A new survey of Harvard Business School alumni pointed to entrepreneurship as the strongest element of the national economy -- and that it is still improving. Entrepreneurship was joined by capital markets, universities and innovation as significant strengths in the U.S.
What is at the opposite end of the spectrum? The tax code, politics, health care and education.
The report, "The Challenge of Shared Prosperity," asks respondents to share their experiences with, and perceptions of, new firm formation. It focused on the barriers to starting a business and the steps that local leaders might take to lower those barriers.
The report also showed that HSB alumni around the world feel that the barriers to entrepreneurship are receding and that it is easier to start a new firm today than it was ten years ago.

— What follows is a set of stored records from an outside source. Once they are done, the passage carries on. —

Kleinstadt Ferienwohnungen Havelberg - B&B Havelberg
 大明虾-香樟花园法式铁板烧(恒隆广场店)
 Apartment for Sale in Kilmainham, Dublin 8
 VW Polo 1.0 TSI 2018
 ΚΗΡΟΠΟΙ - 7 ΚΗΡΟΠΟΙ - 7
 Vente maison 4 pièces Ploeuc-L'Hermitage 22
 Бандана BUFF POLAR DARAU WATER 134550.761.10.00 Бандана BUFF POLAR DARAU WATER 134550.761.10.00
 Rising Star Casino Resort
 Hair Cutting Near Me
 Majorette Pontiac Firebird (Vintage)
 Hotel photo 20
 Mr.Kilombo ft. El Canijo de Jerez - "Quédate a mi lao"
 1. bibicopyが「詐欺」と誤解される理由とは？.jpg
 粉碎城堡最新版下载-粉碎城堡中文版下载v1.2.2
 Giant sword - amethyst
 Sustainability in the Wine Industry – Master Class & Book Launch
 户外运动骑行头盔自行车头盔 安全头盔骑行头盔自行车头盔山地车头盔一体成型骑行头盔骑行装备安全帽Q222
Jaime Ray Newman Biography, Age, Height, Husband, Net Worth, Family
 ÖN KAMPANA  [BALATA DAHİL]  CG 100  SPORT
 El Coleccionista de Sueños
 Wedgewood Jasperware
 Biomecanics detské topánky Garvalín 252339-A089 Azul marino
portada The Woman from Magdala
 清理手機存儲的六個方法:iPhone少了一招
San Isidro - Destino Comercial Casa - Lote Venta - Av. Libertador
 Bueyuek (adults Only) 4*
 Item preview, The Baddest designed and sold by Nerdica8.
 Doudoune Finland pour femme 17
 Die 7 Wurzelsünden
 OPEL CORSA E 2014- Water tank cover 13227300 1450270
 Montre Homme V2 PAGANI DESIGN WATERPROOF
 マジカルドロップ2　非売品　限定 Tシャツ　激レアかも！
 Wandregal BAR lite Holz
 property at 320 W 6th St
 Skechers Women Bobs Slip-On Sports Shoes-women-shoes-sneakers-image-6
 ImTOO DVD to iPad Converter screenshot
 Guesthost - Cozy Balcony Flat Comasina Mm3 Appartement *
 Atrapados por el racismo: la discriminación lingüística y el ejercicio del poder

And while the strides being made outside the U.S. are impressive, "all elements of entrepreneurial ecosystems, from capital and talent to professional netorks and office space, are more available in the U.S. than elsewhere."
The number one barrier to entrepreneurship in America is the cost of health care (64%), followed by regulatory burdens (57%), tax burdens (54%) and lack of startup capital (52%).
In other parts of the world, HBS alumni pointed to lack of startup capital (71%) as the top challenge, followed by lack of growth capital (68%), lack of managerial talent (66%) and regulatory burdens (66%).
How important is it to focus on investments to bolster entrepreneurial ecosystems? 82 percent of all respondents said that it was equal or higher priority to other investments to improve the economy of a respondent's region.